The CEO of the $150 billion chip design firm spoke about his seven years at Nvidia working on computing products at the All-In Summit 2025 in September, in a conversation posted Wednesday.

Haas said he saw how Jensen Huang built the company by taking bold risks and pivoting quickly.

Haas said Huang changed strategy at an off-site meeting meant to review business roadmaps. “We’re abolishing this product line. We’re going to move 2,000 engineers off of project X onto project Y,” said Haas, adding that the company had only about 6,000 people at the time.

That abrupt shift — away from making support chips for Intel’s processors — proved decisive. Instead of trying to keep up with Intel in PCs, Huang redirected thousands of engineers to focus on Arm-based designs and graphics chips. That move reshaped the company’s future, said Haas, who left Nvidia in 2013 to join Arm.

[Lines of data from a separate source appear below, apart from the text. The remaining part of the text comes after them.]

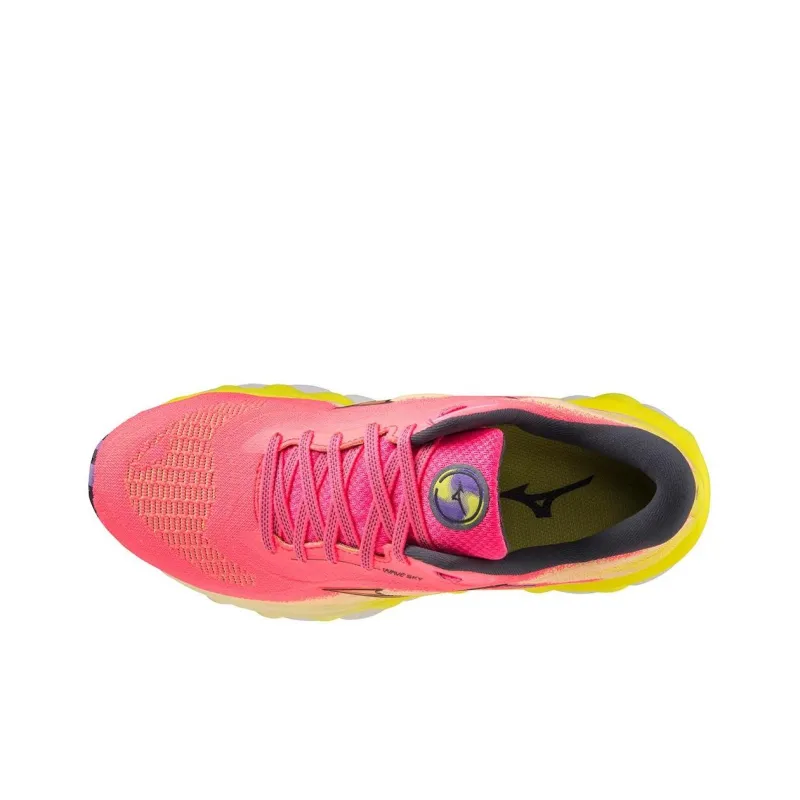Mizuno Women's Wave Sky 7 'High Vis Pink'-5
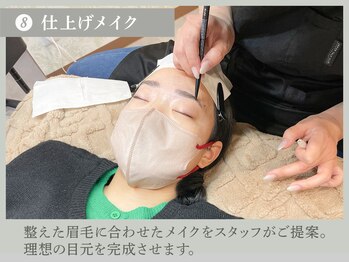 ケイトステージラッシュ 福山駅前店/施術の流れ8 まつぱ+眉毛waw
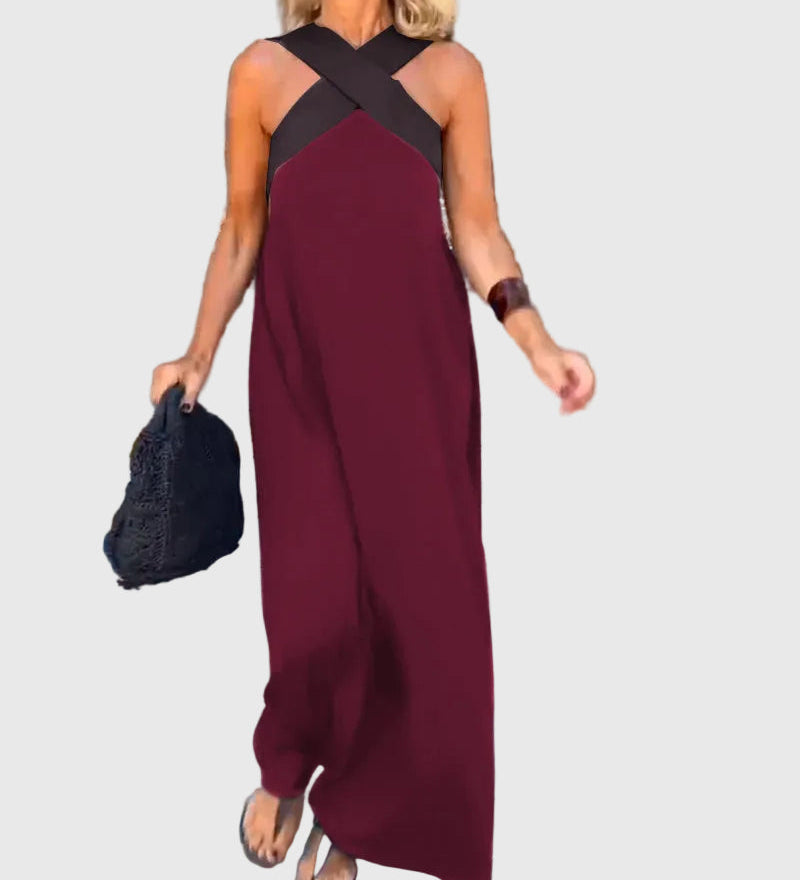 Elena | Robe Maxi Fluide Raffinée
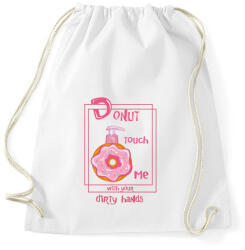 printfashion Az ellenállhatatlan fánk - Sportzsák, Tornazsák - Fehér (443396)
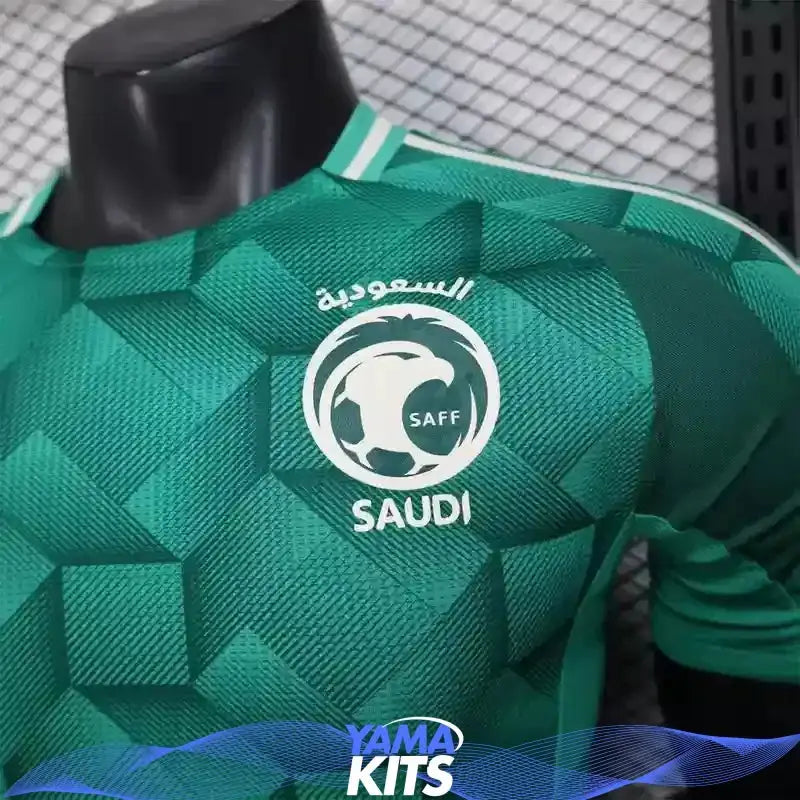 MAILLOT ARABIE SAOUDITE DOMICILE 2025/2026 Version Player YamaKits Foot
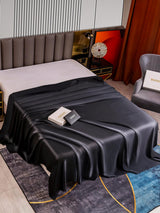 [Black] SilkSilky-UK 22Momme Sheet 002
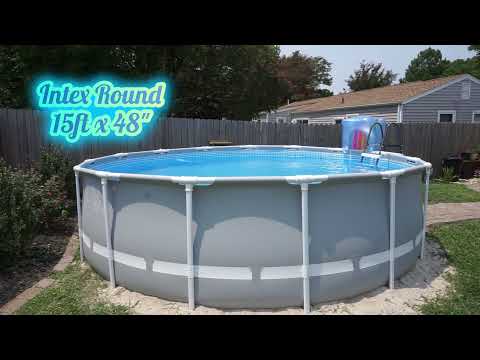 Intex Round Prism Frame Pool Set | 15ft x 48" | 26725EH model Review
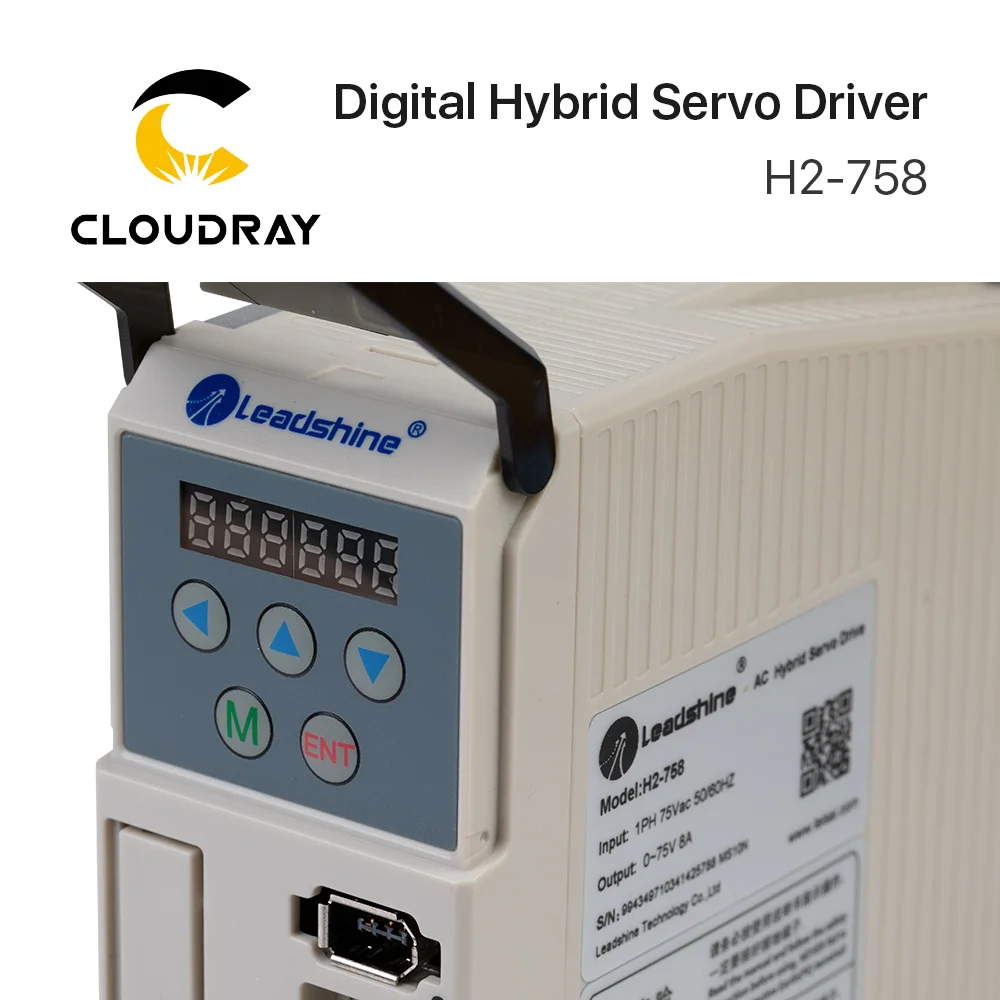 Imagem -05 - Leadshine-servo Driver Híbrido Nema34 Stepper Motor Cnc Gravação Fresadora H2758 Fases 5080vac 09a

“You have this amazing set of characteristics of vision, speed, fearlessness, taking risk, and an ability to pivot very, very fast,” Haas said of Huang, adding that he has “learned so much” from working with him.

Nvidia is one of Arm’s flagship customers — its latest AI chips combine Arm-based CPUs with its own powerful GPUs.

In 2020, Nvidia tried to acquire Arm in a $40 billion deal that fell through because of regulatory hurdles. Haas told Business Insider in 2022 that Arm wasn’t dwelling on the failed sale and was instead focused on expanding in industries like cloud, networking, automotive, and the Internet of Things.

“I’m not going to say Jensen is my competitor today,” Haas said at the All-In Summit.

But when asked if Arm might eventually make its own chips and go head-to-head with Nvidia, he added: “I’m not going to say that today, but could we do that? I hinted in the last conference call that we’re looking at going a little bit further than we do today.”

Haas, Arm, and Nvidia did not respond to a request for comment from Business Insider.